Who We Serve

Who are all the players impacted by Artificial Intelligence

AI Ecosystem Organizations

  • What they do well: Many groups publish research, guidance, and model policies. Some run watchdog campaigns or offer outside reviews (independent audits). A few convene cross-sector discussions.
  • What’s missing: Most work stops at “what good looks like,” not how to make it work in the real world.  The practical pieces—ready-to-use policy text, checklists, contract language, training plans, and simple ways to show progress—are scattered or incomplete.
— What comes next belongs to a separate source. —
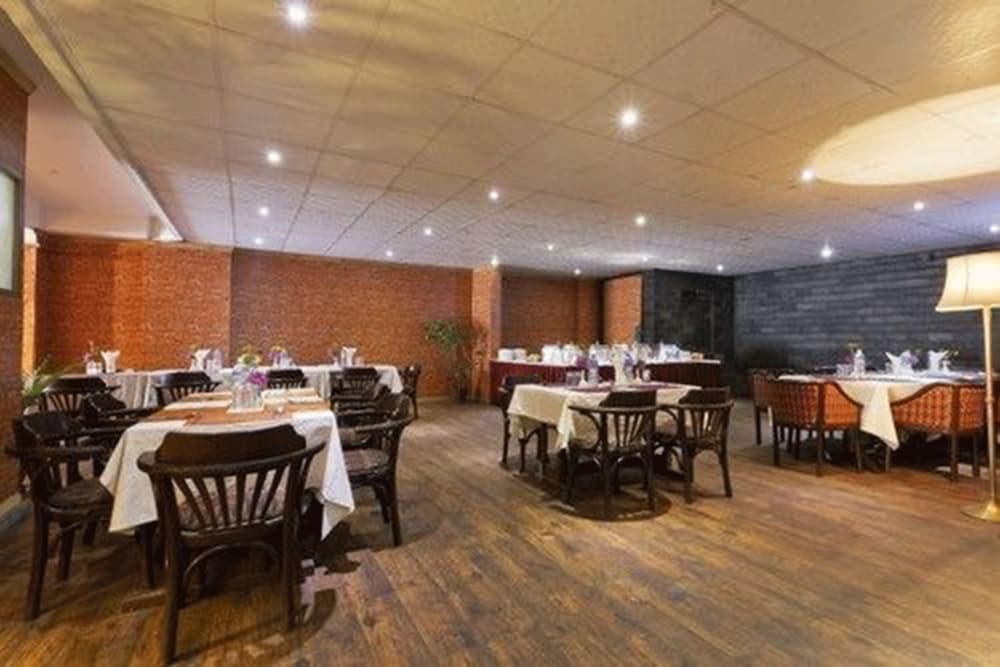 restaurant cafeteria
Environmental impact work (water, energy, materials, pollution) is especially uneven.
  • Coverage is uneven. Our mapping shows strong coverage in Technology/Government/Policy & Regulations, moderate in Education/Communication, and thin in Investing/Environmental Impact/Jobs—with eight objectives currently uncovered by any mapped organization.
  • Zero-coverage gaps currently include:
        • Investing:
    “Ethical AI investing framework/scale agreed with pilot funds.”
        • Government:
    “Climate & energy impact safeguards” and “Citizen data & privacy protections.”
        • Jobs:
    “Elevating human-creativity roles.”
        • Education:
    “AI literacy as a right,” “Borderless, bias-aware education,” and “Real-time adaptive curricula.”
        • Communication:
    “Translating technical risks/frameworks into everyday language.”
  • Pattern: A handful of multipurpose Ecosystem Organizations touch many objectives, while many stay narrowly focused. Lots of guidance and research exist, but adoption pipelines (procurement-ready templates, pre-audit evidence, environmental scorecards) are fragmented or missing.
  • Result: Great ideas exist, but they don’t move together in one direction. There’s duplication in some areas and empty space in others.

Organizations

(Companies, Public Agencies, NonProfits, Schools)
  • What they face: Many frameworks, few clear starting points with no single route to “done.”. Teams are short on time and staff. There’s friction moving from principles → policy → procurement → proof (audits, KPIs, disclosures). It’s hard to turn principles into daily practice across purchasing, data protection, safety testing, and reporting.
  • Capacity constraints. Most teams lack the basics needed to launch responsibly: a brief privacy risk check (DPIA), tools to     measure real-world impact (impact tooling), a playbook to break the system before it breaks in public (red-team playbooks), a tidy evidence library mapped to standards (evidence libraries), and a vendor scorecard that shows energy, water, and carbon at a glance (vendor environmental scorecards).
  • Timing risk. Regulations and public expectations are moving faster than internal governance, leaving teams exposed on privacy, provenance, bias, labor impacts, and environmental intensity.
  • Pain points:
    • Policies exist, but no easy path to adopt them.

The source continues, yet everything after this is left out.